Yeah I agree with giving the crate a try. If I don't crate my dog and I leave the apartment...he has a nervous release of his bowels like the SECOND I leave :teehee: Poor guy. But in the crate he's fine and he just chills out.
As soon as he got used to it, it really did become his "space." He goes in there to hang out on his own if there are too many people out. I also use it as a "time-out" space. When he gets too wild or exhibits behaviors I'm looking to extinguish, I completely "turn off." A brief and stern "No" and then no eye contact, no physical contact, and a deeply voiced "KENNEL" and I point. No matter where we are in the apartment, he immediately stops whatever he was doing and trots off to his kennel to go sit for a minute or two and calm down. He has, however, mastered the look over the shoulder at the last second with a pathetic puppy-dog face :rofl: .

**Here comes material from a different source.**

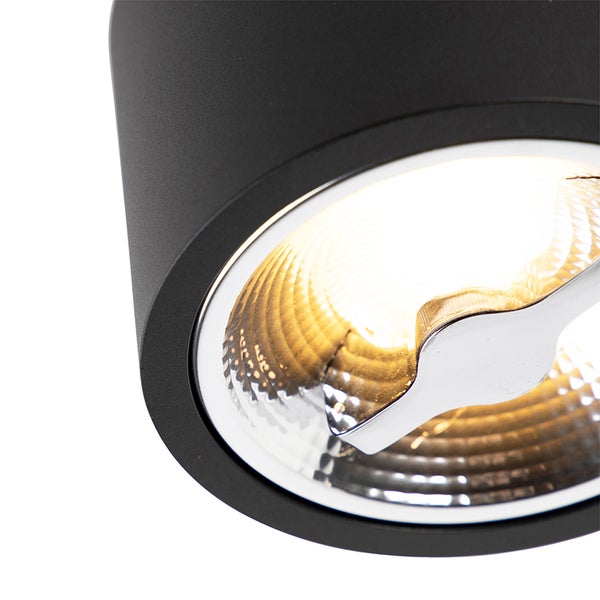 Nahaufnahme eines schwarzen zylindrischen Strahlers mit eingeschalteter Lichtquelle und strukturiertem Reflektor.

Interrupting the "bad" behavior as it's happening is really key with dogs. They can't learn from a correction if they don't know what's being corrected. And with dogs it really has to be simultaneous.
Also--did you mention that this is a young female? Cuz if the puddles are warm when you get home, she could be excitement-peeing. It's common for female dogs to run up and say hi when you get home by leaking a piddle. It's a submissive thing. It can be a little harder to train out, but sometimes they also grow out of it. My brother's dog still does it occasionally.
(wow that post got long!)
ETA--oh yeah, crate size! Don't make the mistake of getting a crate that's too big. She should have just enough room to comfortably sit, stand up, turn around, and lie down. Any bigger and it defeats the "don't poo where you sleep" idea.